Brown, who served as governor from 1975 to 1983, is considering seeking the office again in 2010. After California voters passed Proposition 8 on Nov. 4, Brown said he personally voted against it but would fight to uphold it as the state's top lawyer.
The litigation over Proposition 8 is shaping up, Brown said, as a high-stakes conflict between the electorate's right to direct democracy and rights of minorities to equal treatment.
Brown submitted his brief in one of the three legal challenges to Proposition 8 brought by same-sex marriage supporters. The measure, a constitutional amendment that passed with 52 percent of the vote, overruled the Supreme Court decision last spring that briefly legalized gay marriage in the nation's most populous state.
Shannon Minter, legal director of the National Center for Lesbian Rights, called the attorney general's change of strategy "a major development."
"The fact that after looking at this he shifted his position and is really bucking convention by not defending Prop. 8 signals very clearly that this proposition can not be defended," Minter said.
The sponsors of Proposition 8 on Friday argued for the first time that the court should undo the marriages of the estimated 18,000 same-sex couples who exchanged vows before voters banned gay marriage at the ballot box last month.
The Yes on 8 campaign filed a brief telling the court that because the new law holds that only marriages between a man and a woman are recognized or valid in California, the state can no longer recognize the existing same-sex unions.

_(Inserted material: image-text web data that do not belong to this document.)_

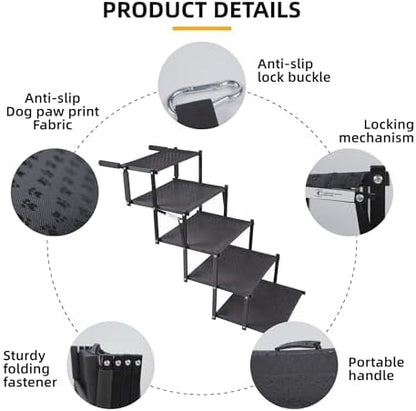 Dog Stairs 5 Steps Foldable Dog Ramp with Non-Slip Surface, Portable Dog Steps for Cars,SUV and Truck, Supports up to 250 lbs - Image 2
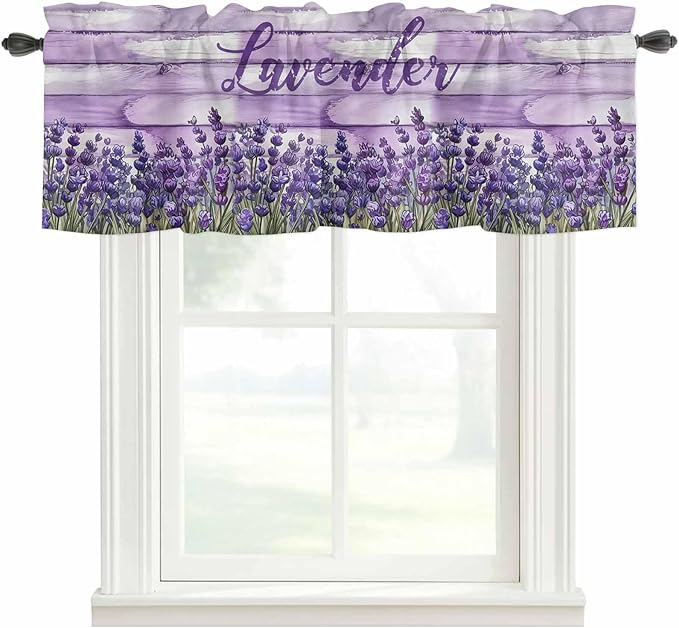 Kitchen Valances for Window, Retro Lavender on Farm Wood Grain Light Filtering - Image 3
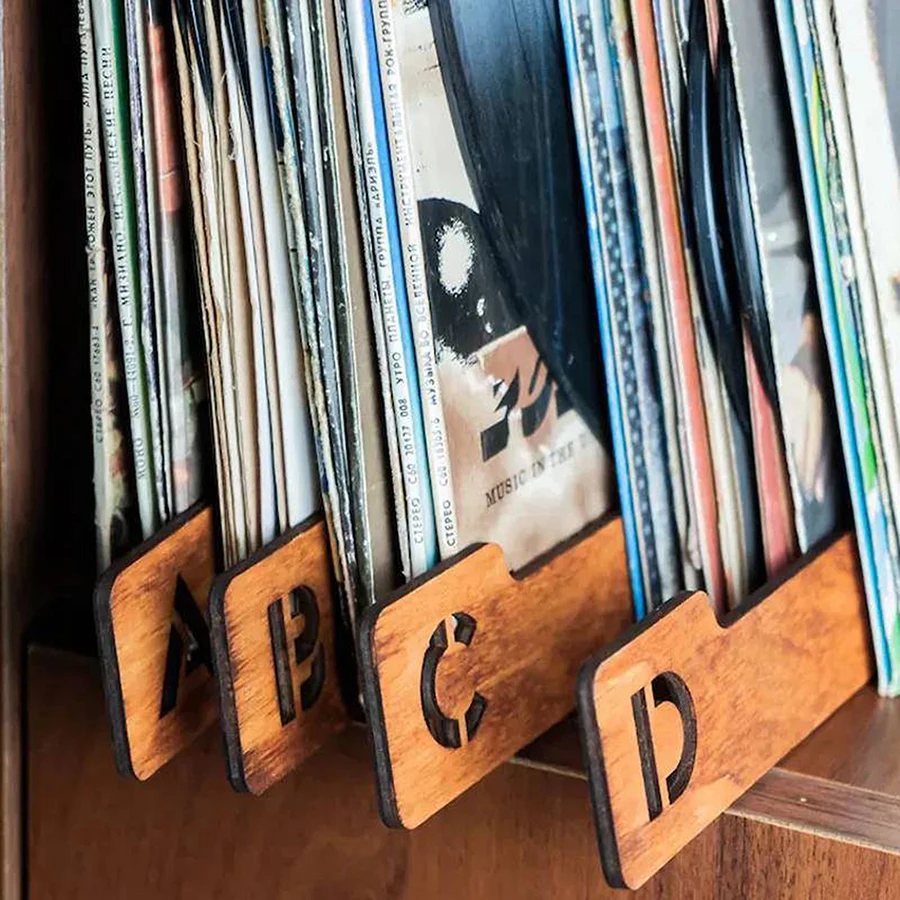 Separadores de discos de vinilo A-Z, piezas de madera, organizador - imagen 4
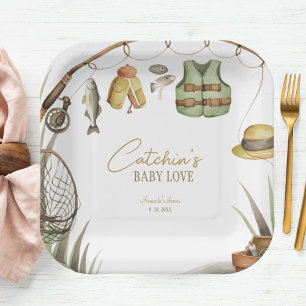 Cute Rustic Catchin' Baby Love Baby Baby Shower Paper Plate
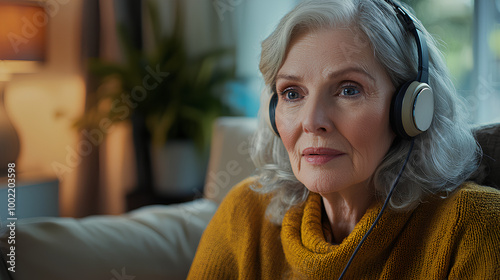 Woman wearing headphones is sitting on a couch photo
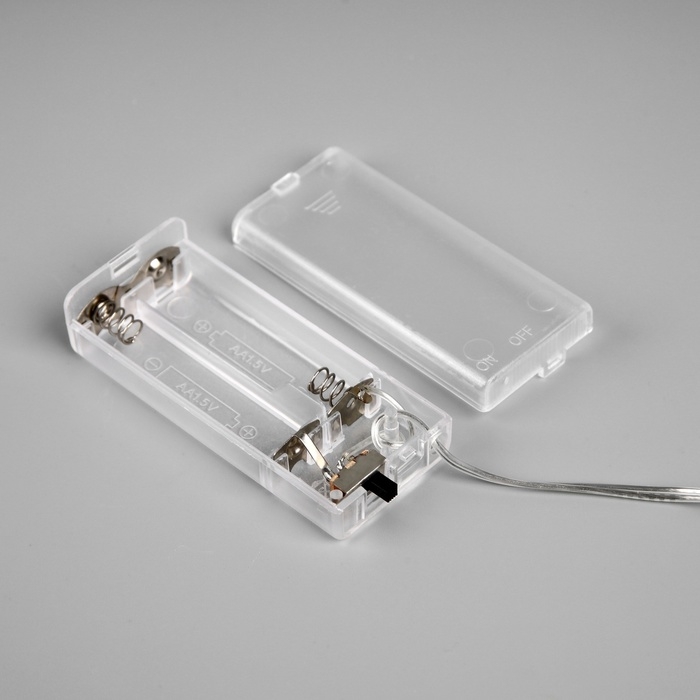 Гирлянда &laquo;Нить&raquo; 2 м роса с насадками &laquo;Цветок&raquo;, IP20, серебристая нить, 20 LED, батарейки ААх2 (нет в комплекте), свечение тёплое белое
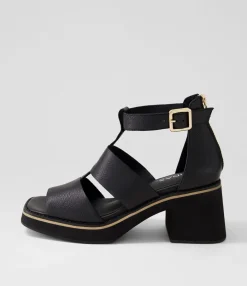 Shop Midas Shoes Jonson Black Leather Sandals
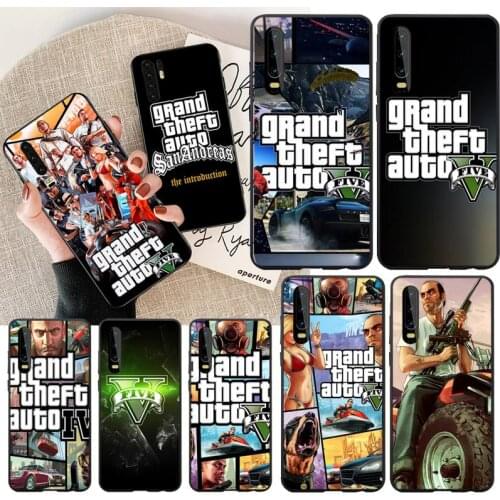 PENGHUWAN rockstar gta 5 Grand Theft Black TPU Soft Rubber Phone Cover for Huawei P30 P20 Mate 20 Pro Lite Smart Y9 prime 2019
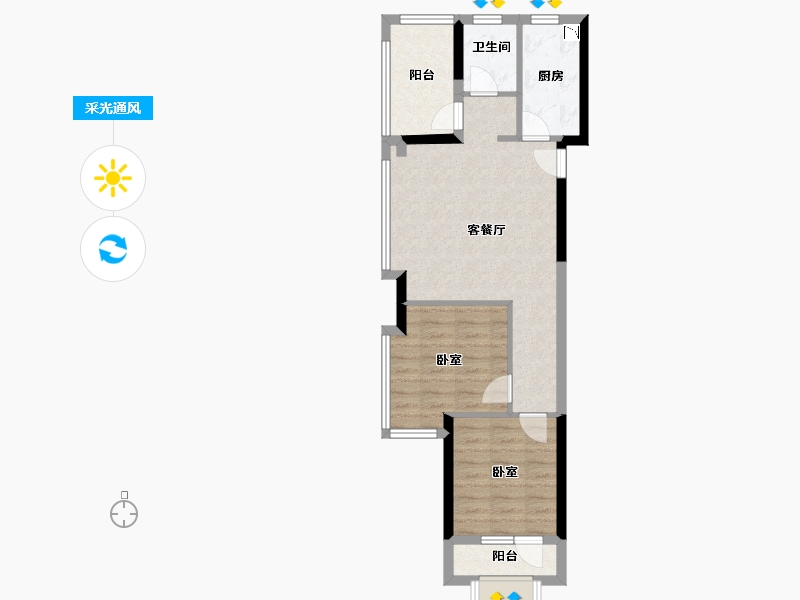 山东省-烟台市-中海知孚里-60.00-户型库-采光通风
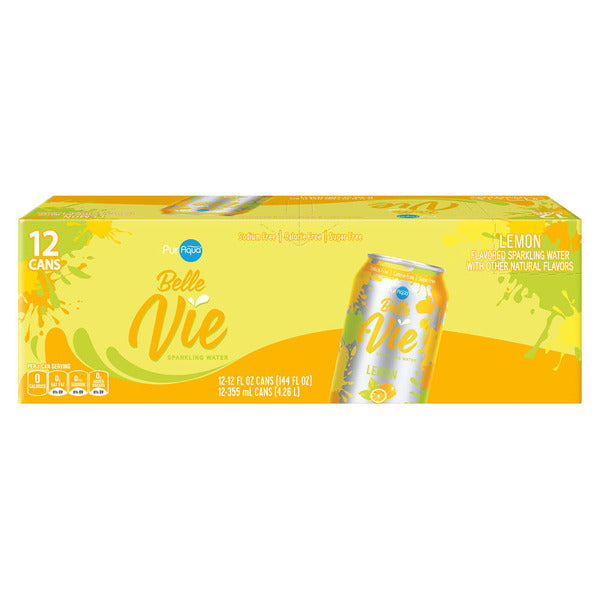PurAqua Lemon Belle Vie Sparkling Flavored Water 12 fl oz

"Proposition 8's brevity is matched by its clarity. There are no conditional clauses, exceptions, exemptions or exclusions," reads the brief co-written by Kenneth Starr, dean of Pepperdine University's law school and the former independent counsel who investigated President Bill Clinton.
Both Brown and gay rights groups maintain that the gay marriage ban may not be applied retroactively.
The Supreme Court could hear arguments in the litigation as soon as March. The measure's backers announced Friday that Starr, a former federal judge and U.S. solicitor general, had signed on as their lead counsel and would argue the cases.
The new brief provides a preview of how Proposition 8's supporters plan to defend the measure. It asserts that the Supreme Court lacks the authority or historical precedent to throw out Proposition 8.
"For this court to rule otherwise would be to tear asunder a lavish body of jurisprudence," the court papers state. "That body of decisional law commands judges - as servants of the people - to bow to the will of those whom they serve - even if the substantive result of what people have wrought in constitution-amending is deemed unenlightened."
Starr declined comment Friday, but co-counsel Andrew Pugno said the brief was filed in response to a question the court's seven justices posed to lawyers on both sides, not as an attack on the gay married couples. "The people passed Prop. 8," he said. "We are defending that."
Pugno called Brown's decision to challenge the voter-approved measure, as well as the argument advanced by the attorney general, "totally unprecedented."
"His legal duty as attorney general of the state is to defend initiatives passed by the voters," he said. "Oftentimes, attorneys general have defended measures they personally opposed."
Jesse Choper, a constitutional law professor at the University of California, Berkeley Boalt School of Law, said Brown has to show that there is a right to marry or to be free from discrimination on the basis of sexual orientation that cannot be taken away by a constitutional amendment. "It is not an easy argument, but that doesn't mean it's not going to win," Choper said.
The cases are Strauss v. Horton, S168047; City and County of San Francisco v. Horton, S168078; and Tyler v. State of California, S168066.